## [Activity]
Every line below must be reproduced exactly; no pictures are to be included.
##### Dataset section #####
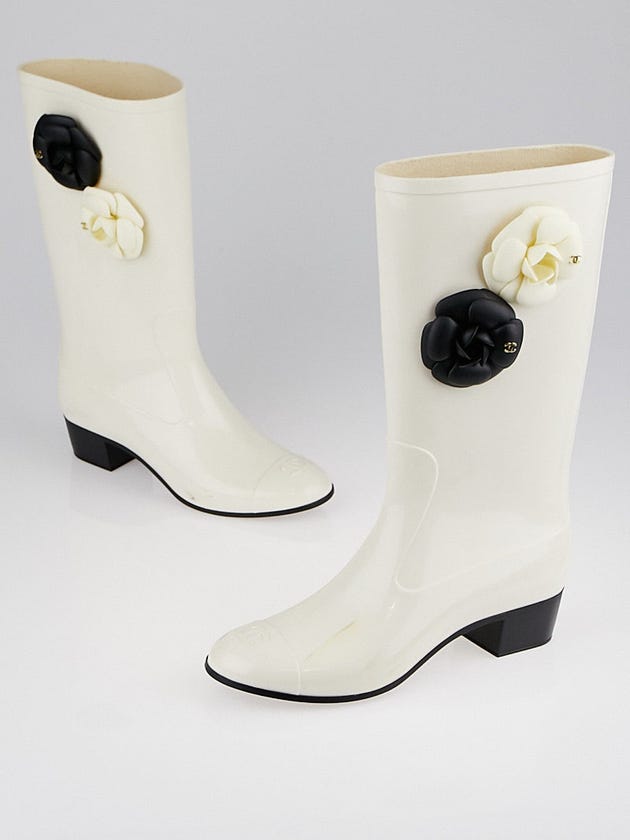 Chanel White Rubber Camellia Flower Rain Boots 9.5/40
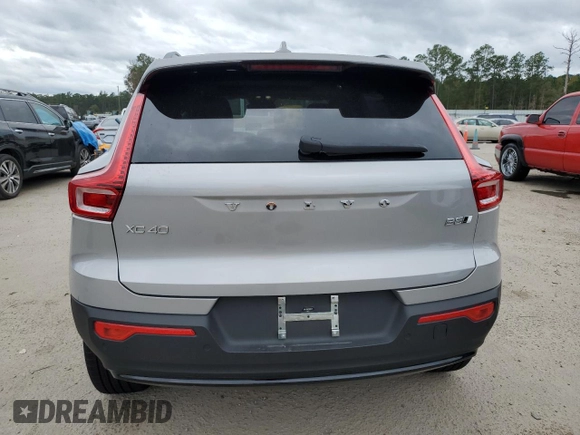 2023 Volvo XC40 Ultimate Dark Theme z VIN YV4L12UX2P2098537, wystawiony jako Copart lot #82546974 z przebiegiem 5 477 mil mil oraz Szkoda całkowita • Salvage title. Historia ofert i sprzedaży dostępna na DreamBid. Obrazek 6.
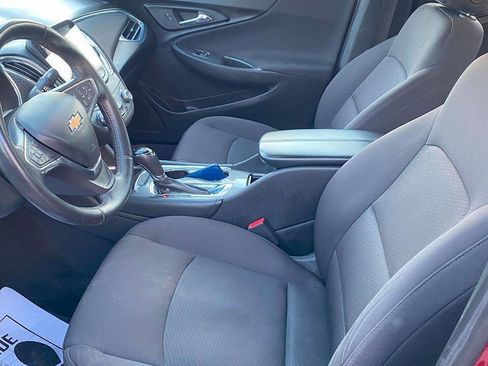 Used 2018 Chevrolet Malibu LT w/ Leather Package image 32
#####
## [Output]
 Chanel White Rubber Camellia Flower Rain Boots 9.5/40
 2023 Volvo XC40 Ultimate Dark Theme z VIN YV4L12UX2P2098537, wystawiony jako Copart lot #82546974 z przebiegiem 5 477 mil mil oraz Szkoda całkowita • Salvage title. Historia ofert i sprzedaży dostępna na DreamBid. Obrazek 6.
 Used 2018 Chevrolet Malibu LT w/ Leather Package image 32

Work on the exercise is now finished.